- _Records provided_
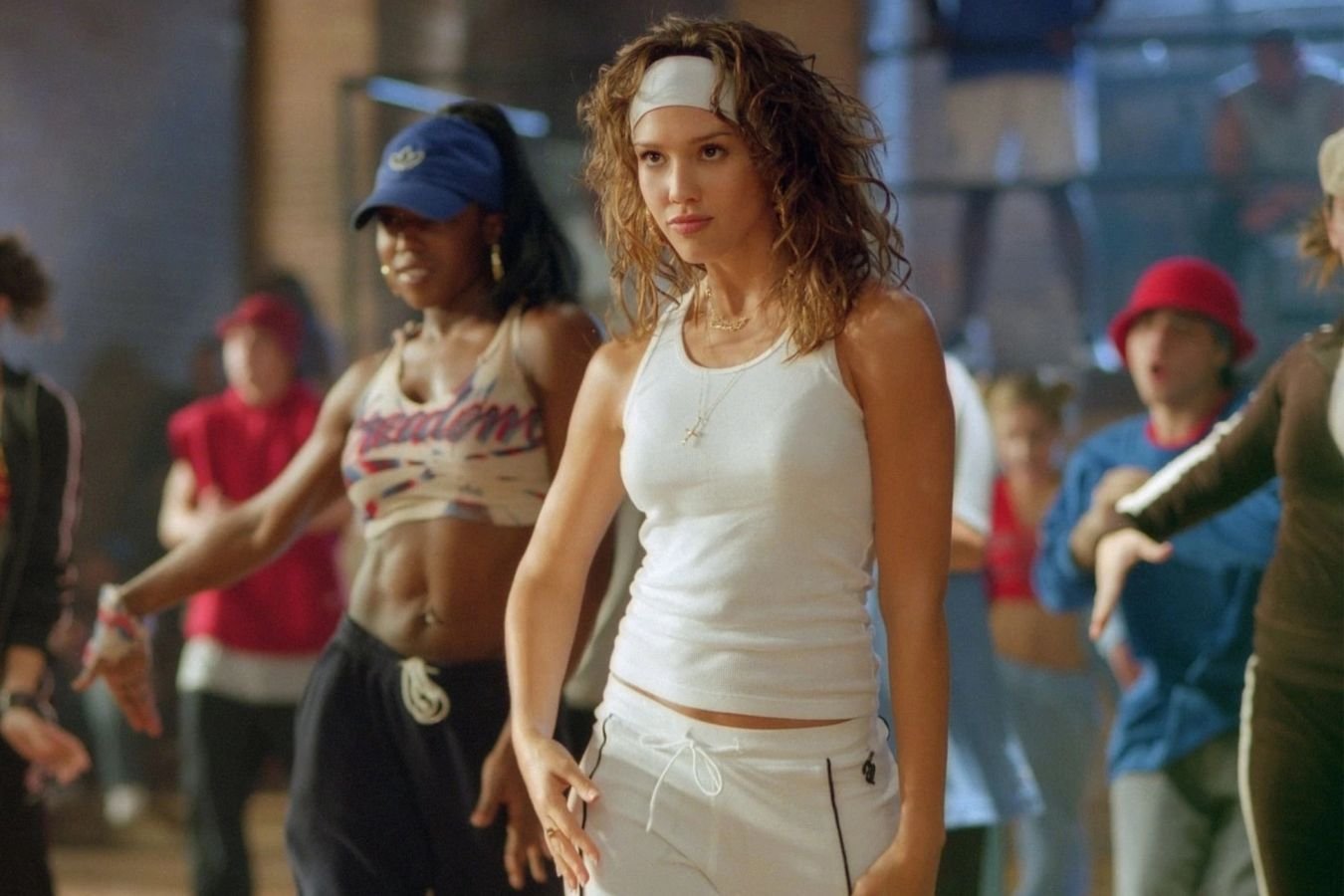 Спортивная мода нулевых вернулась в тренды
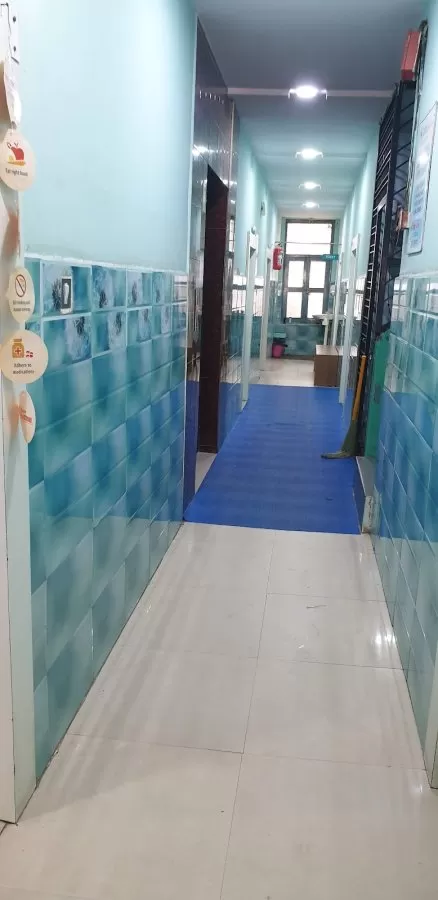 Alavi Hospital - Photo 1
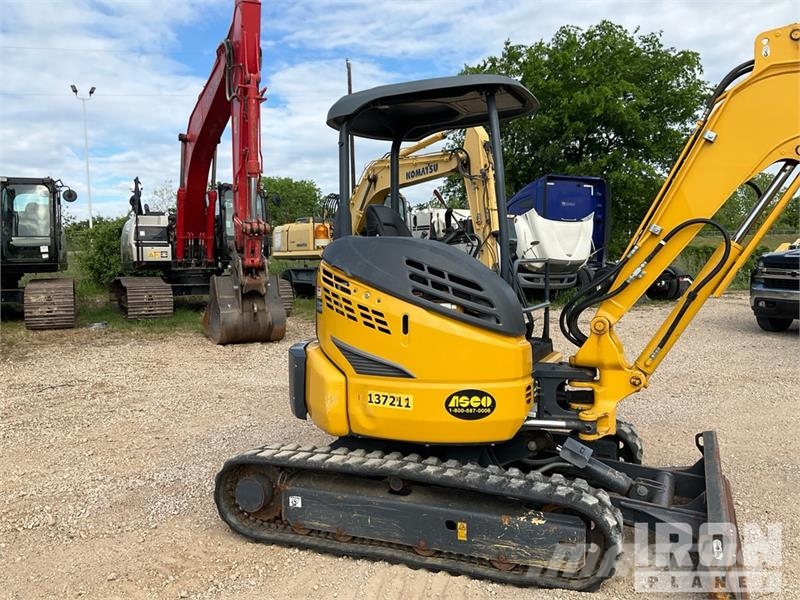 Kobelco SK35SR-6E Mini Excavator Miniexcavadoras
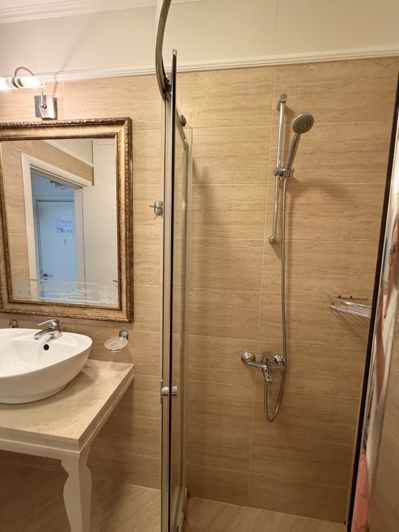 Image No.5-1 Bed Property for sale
--
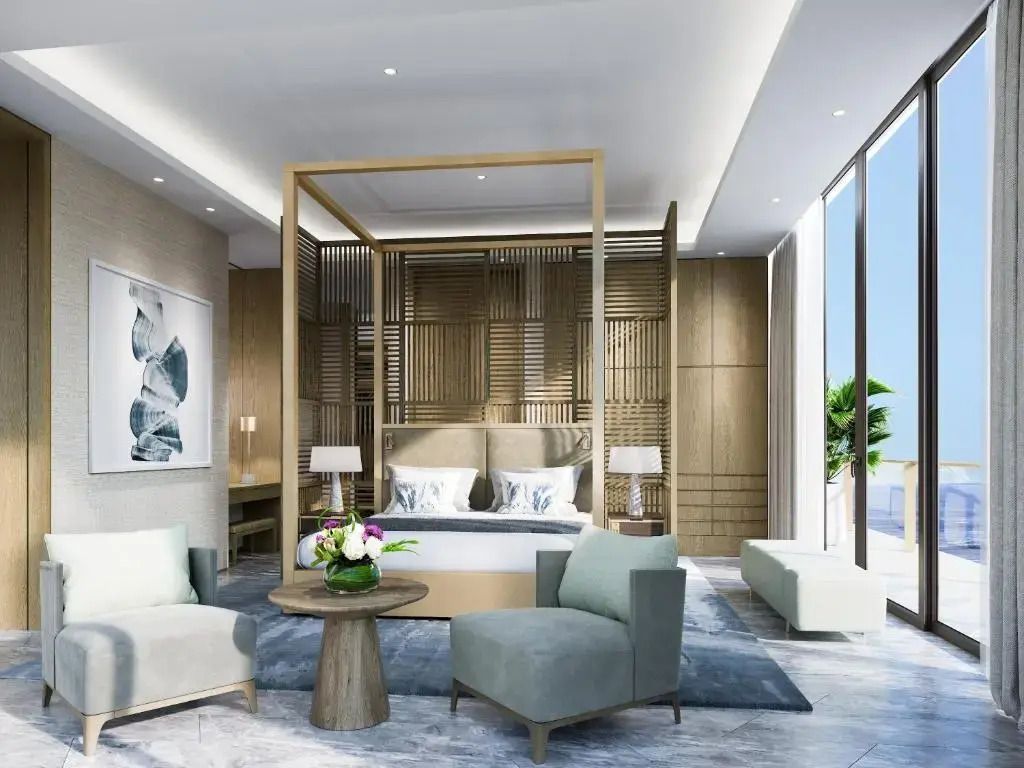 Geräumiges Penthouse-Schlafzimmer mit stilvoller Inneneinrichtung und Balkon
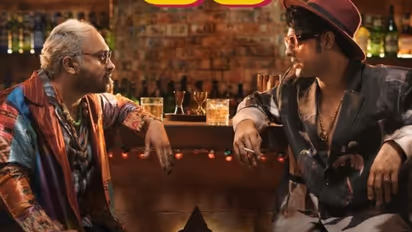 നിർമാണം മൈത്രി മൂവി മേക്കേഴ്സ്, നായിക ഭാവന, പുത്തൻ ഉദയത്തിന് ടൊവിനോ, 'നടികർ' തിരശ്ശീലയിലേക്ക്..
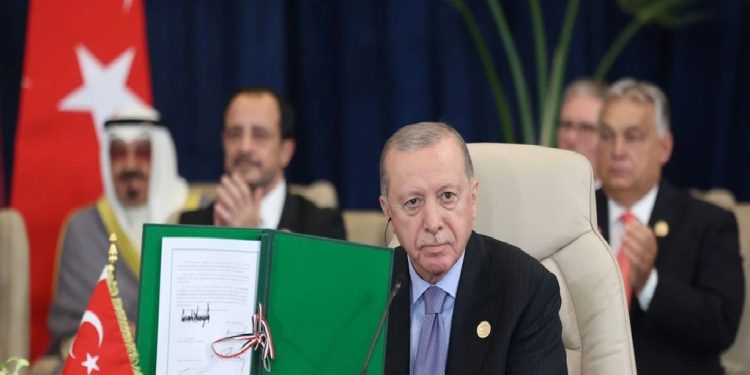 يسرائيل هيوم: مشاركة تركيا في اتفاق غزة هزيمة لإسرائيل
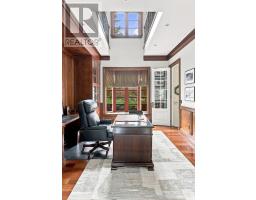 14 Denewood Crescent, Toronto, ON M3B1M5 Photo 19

- _What is required_
Repeat exactly the stretch of the listing above that starts with the line holding "Спортивная мода нулевых вернулась в тренды" and finishes with the line holding "Image No.5-1 Bed Property for sale", both included. Skip every picture.

- _Answer for the task_
 Спортивная мода нулевых вернулась в тренды
 Alavi Hospital - Photo 1
 Kobelco SK35SR-6E Mini Excavator Miniexcavadoras
 Image No.5-1 Bed Property for sale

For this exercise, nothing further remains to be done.